Traditionally oncology has been information poor. Cancers have been categorized and treated based on what body part they afflict, how the cells look under a microscope, and how much the tumor had spread, leading to a diagnosis like “Stage 2 colon cancer.” This typology has become more sophisticated over the years, but it still lumps lots of cancers together. Jill Adams, who has written some great pieces for Nature on artificial intelligence technologies and cancer has a great analogy:
“It’s like doing a census of Noah’s ark and concluding that the boat contains a total of one dozen kinds of animals: Ones with feathers and wings, those with six legs and wings, some with fur and four legs, and so on. It’s not wrong, but it gives only a blurry picture of reality.”

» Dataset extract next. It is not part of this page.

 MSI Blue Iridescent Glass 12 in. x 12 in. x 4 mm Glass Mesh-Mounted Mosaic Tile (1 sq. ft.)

In cancer, that has not been good enough. Cancer drugs work (i.e. significantly shrink tumors) a dismal 22 percent of the time, and oncologists have a hard time predicting which one is best for which patient. According to one estimate, $39 billion of the $50 billion spent annually on cancer drugs is wasted in this way. It’s trial-and-error medicine.

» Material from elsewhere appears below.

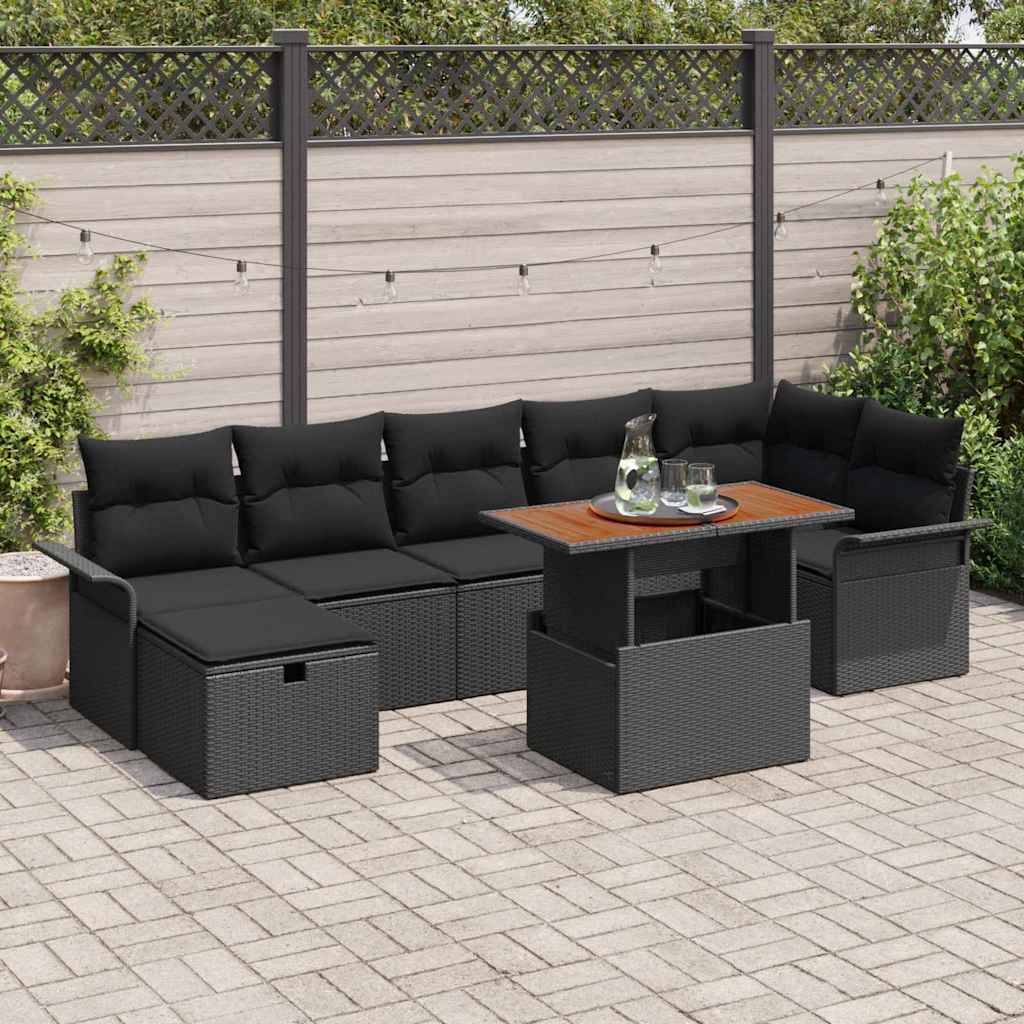 Zestaw Sof na Ogród 8 pcs Czarny polirattan vidaXL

DNA sequencing and other biological information technologies are changing that. Already, tumor-gene sequencing reveals that what we have been calling “kidney cancer” or “lung cancer” is, in a sense, a thousand or a million diseases, each with a different pattern of mutations and other molecular mistakes. Each tumor is its own miniature ark, stuffed full of bizarrely dysfunctional cells with a wide range of corrupted DNA. One recent study of kidney cancers found that no two patients had exactly the same set of genetic mistakes; in fact, no two tumors within the same patient had the same mutations. Taking it one step further, one high-resolution DNA-sequencing study of breast cancer last year couldn’t find two cells within one tumor that were genetically identical.
Why does that matter? Jill Adams:
This matters because identifying the mutations often shows how to attack the cancer—where its weaknesses are. Drug developers have now invented dozens of “targeted therapy” drugs that zero in on cells with a particular cancer-related genetic mutation and either kill or disable those cells. Because these drugs are so specific, they are often more effective than older drugs—think of Erbitux for some kinds of colon cancer, or Herceptin for certain types of breast cancer. But in order to use these weapons, you have to first know which enemy you are attacking.
So looking for mutations in breast cancers has become standard, as well as testing some advanced lung cancers for mutations in another gene, EGFR. But these tests only detect one mutation at a time – looking for the keys under the lamppost. A better approach is to do a comprehensive search for mutations.
Granted, using data to change the way we treat cancer will not be as easy as using it to tweak prices of consumer goods on Amazon or avoid traffic jams with a crowdsourced app like Waze. Biology is more complicated than man-made systems. But through comprehensive genetic analysis, due to a phenomenal ability to improve genomic sequencing … we can beat cancer.